[Source records]
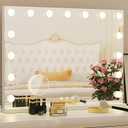 Hollywood Vanity Mirror, 15 Led Bulbs3 Color LightsBeautiful Make Up Lighted Mirror, Aluminum Metal Frame23" x 18" (White)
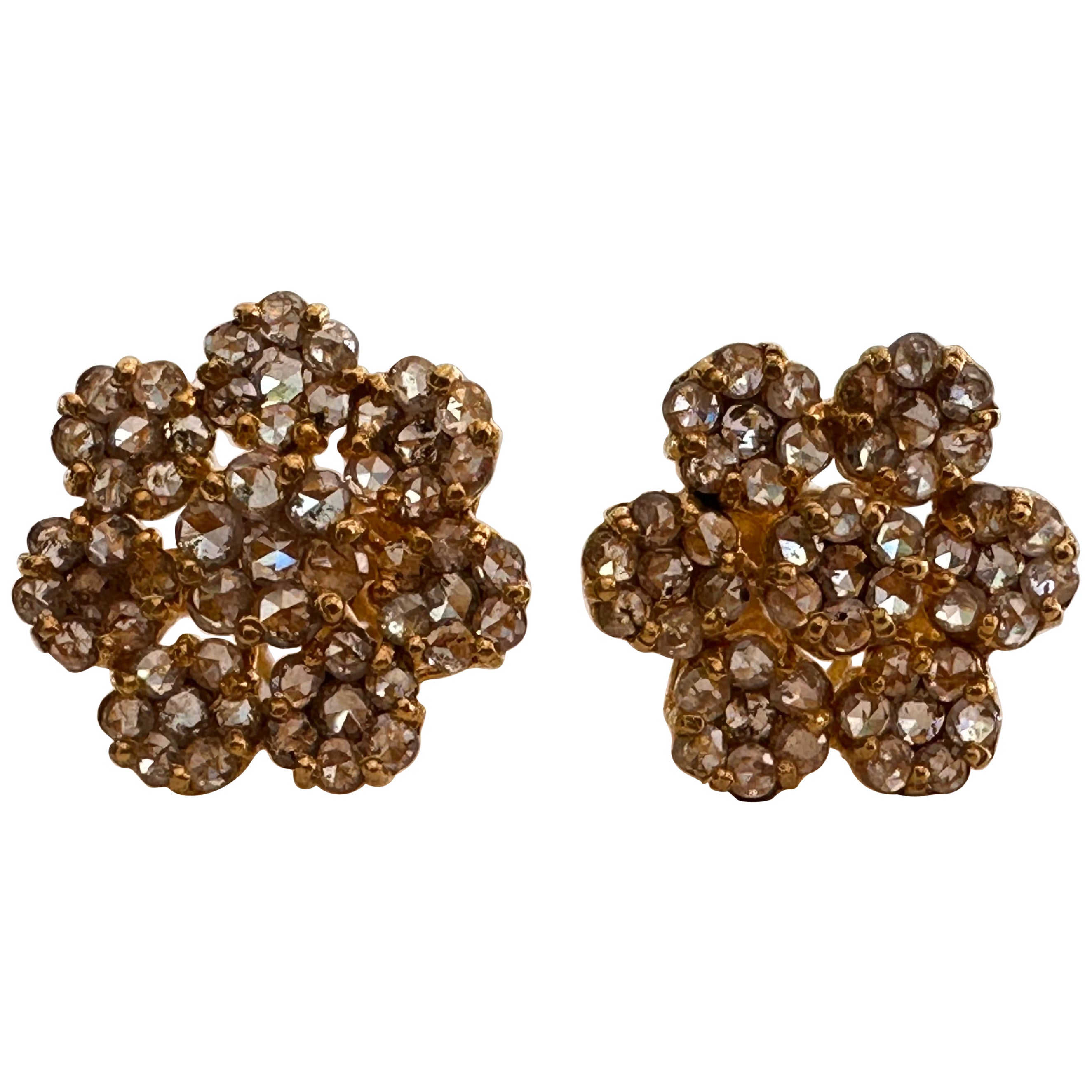 Victorian Diamond Flower Cluster Earrings  For Sale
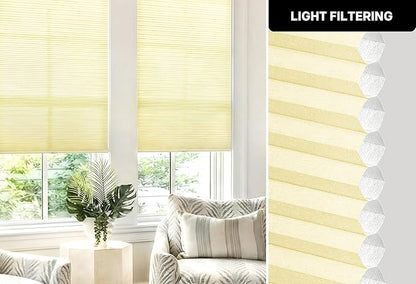 LazBlinds Cordless Cellular Shades, No Tools No Drill Light Filtering Honeycomb Shades Pleated Blinds for Windows, 42'' W x 64'' H, Alabaster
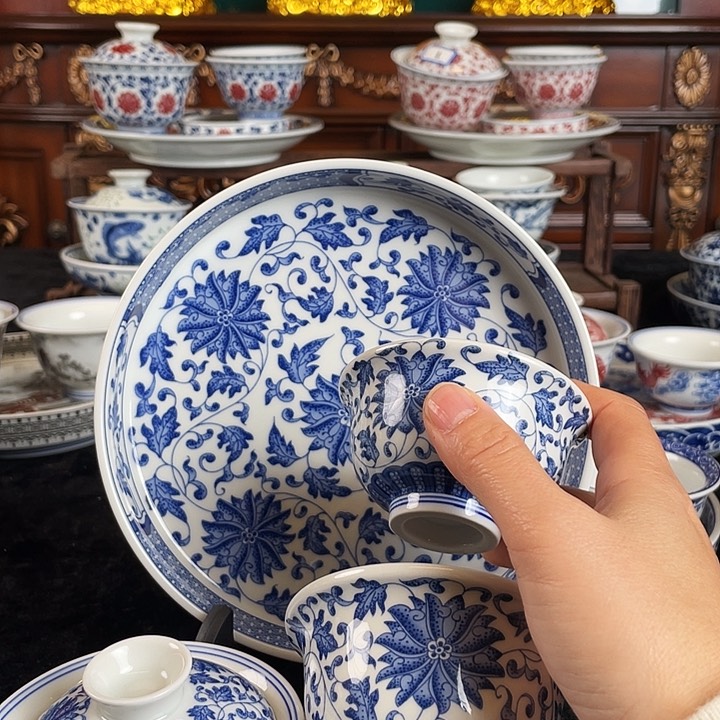 缠枝莲五件套茶具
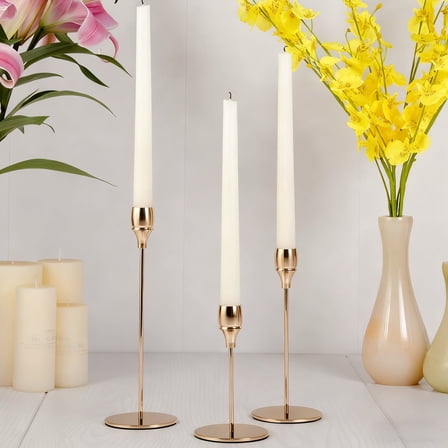 Gold Taper Candle Holder Set of 3, Brass Gold Tall Candlestick Holders, Metal Vintage Candle Stickers Long Holder Set, Pillar Decorative Candle Holder 7.5/9.5/11.5in
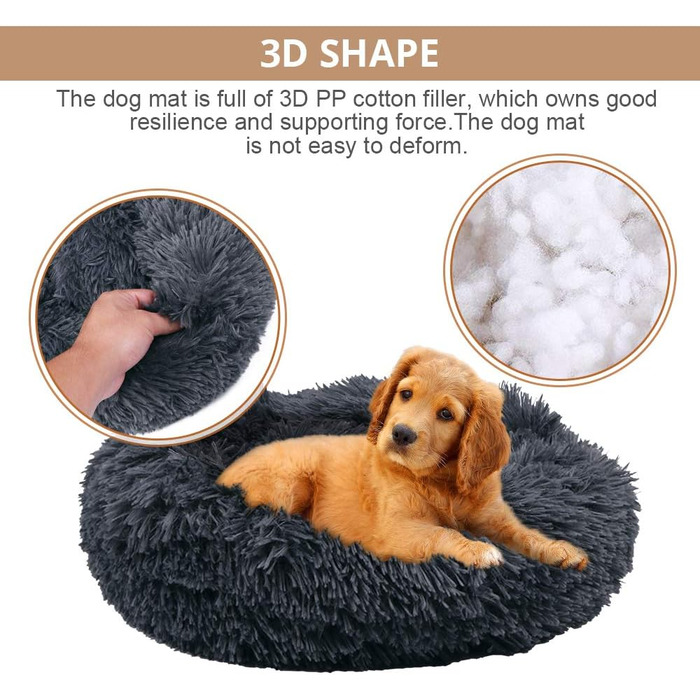 М'яке подушко-лежанка у вигляді пончика для собак, лежанка для котів, велика, миюча, 60 см, темно-сіра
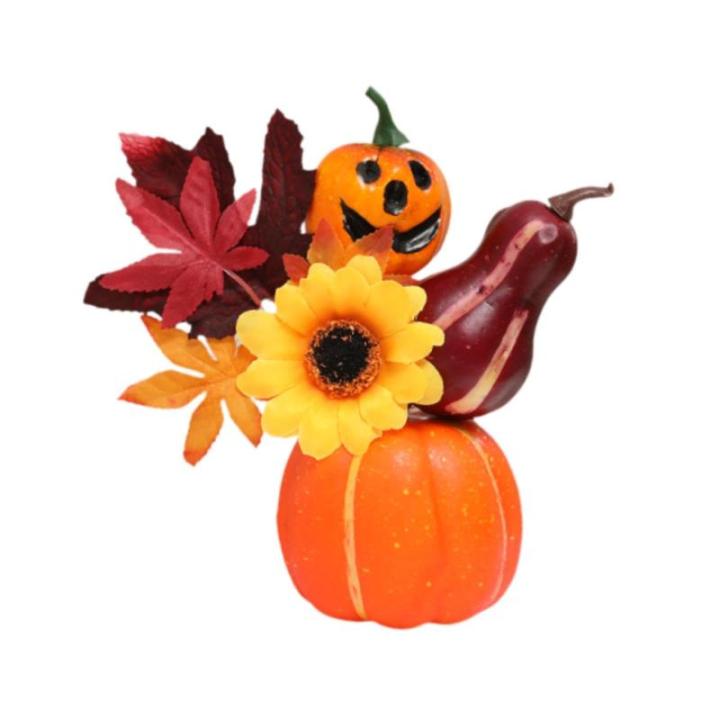 Halloween-Kürbisse, Ahornblätter, Ornament, Herbsternte, Dekor, neuartiges dekoratives Handwerk, Esstisch-Mittelstück für Geschäft und Büro, Style A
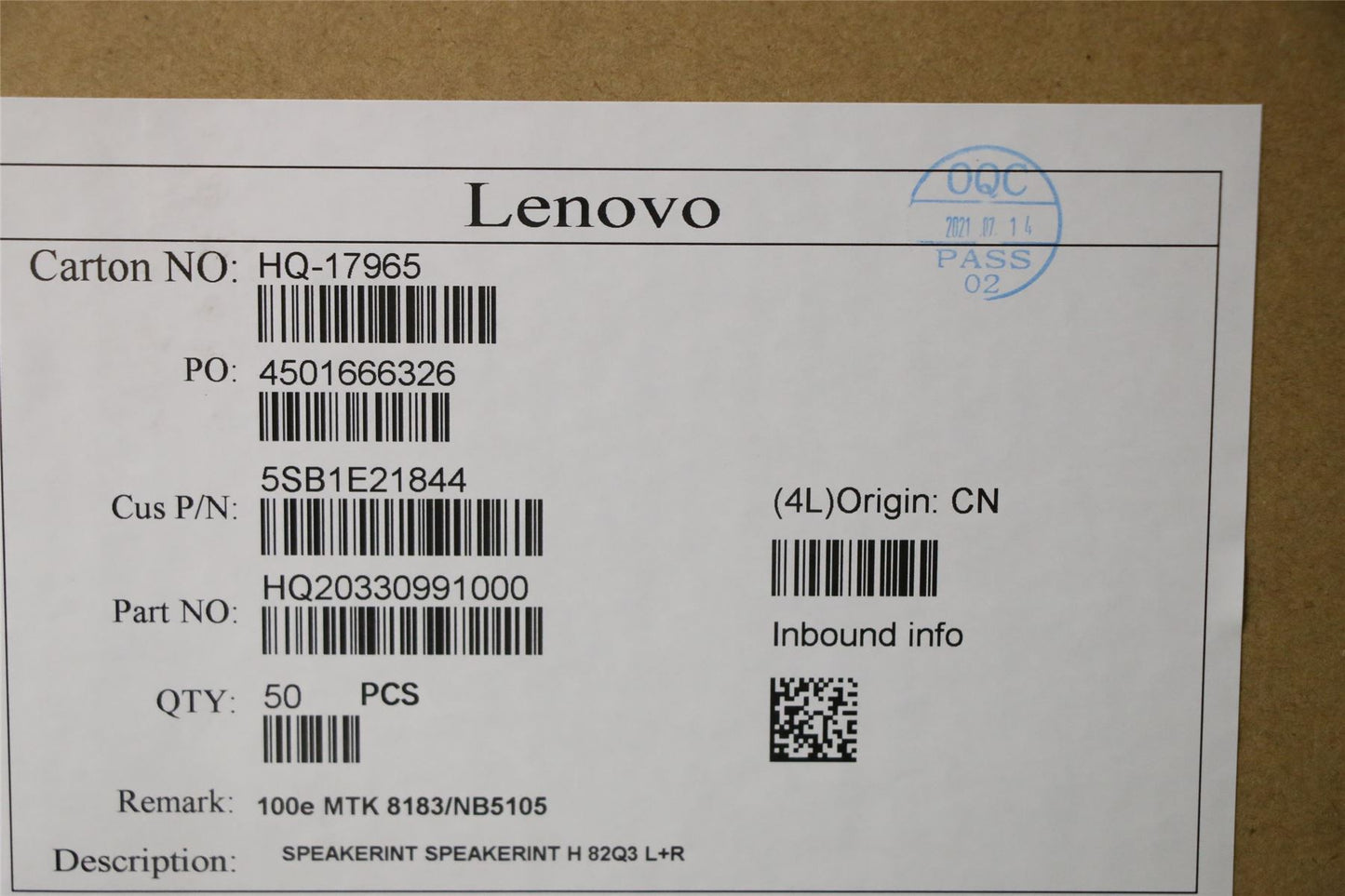 Lenovo 100e 2nd Gen MTK 2 Speaker Speakers 5SB1E21844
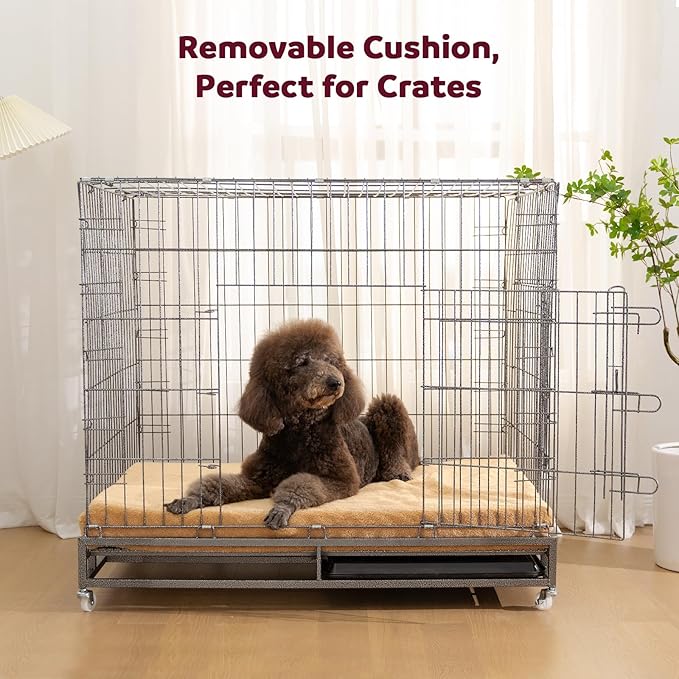 Cooling Orthopedic XL Dog Bed – Comfort Memory Foam for X-Large & XXL Dogs. Indestructible & Washable Giant Dog Bed w/Pillow, Non-Slip Bottom & Durable Zipper. Chew Proof Crate Mat w/Waterproof Liner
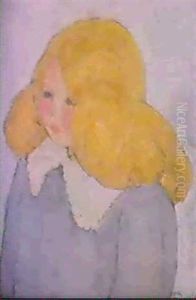 Liten Flicka Med Gult Har by Nils Dardel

▶ **WORK INSTRUCTION**: Leaving out the pictures, print exactly and only the lines from the one containing "Gold Taper Candle" through the last line of the records.

▶ **EXERCISE RESPONSE**:
 Gold Taper Candle Holder Set of 3, Brass Gold Tall Candlestick Holders, Metal Vintage Candle Stickers Long Holder Set, Pillar Decorative Candle Holder 7.5/9.5/11.5in
 М'яке подушко-лежанка у вигляді пончика для собак, лежанка для котів, велика, миюча, 60 см, темно-сіра
 Halloween-Kürbisse, Ahornblätter, Ornament, Herbsternte, Dekor, neuartiges dekoratives Handwerk, Esstisch-Mittelstück für Geschäft und Büro, Style A
 Lenovo 100e 2nd Gen MTK 2 Speaker Speakers 5SB1E21844
 Cooling Orthopedic XL Dog Bed – Comfort Memory Foam for X-Large & XXL Dogs. Indestructible & Washable Giant Dog Bed w/Pillow, Non-Slip Bottom & Durable Zipper. Chew Proof Crate Mat w/Waterproof Liner
 Liten Flicka Med Gult Har by Nils Dardel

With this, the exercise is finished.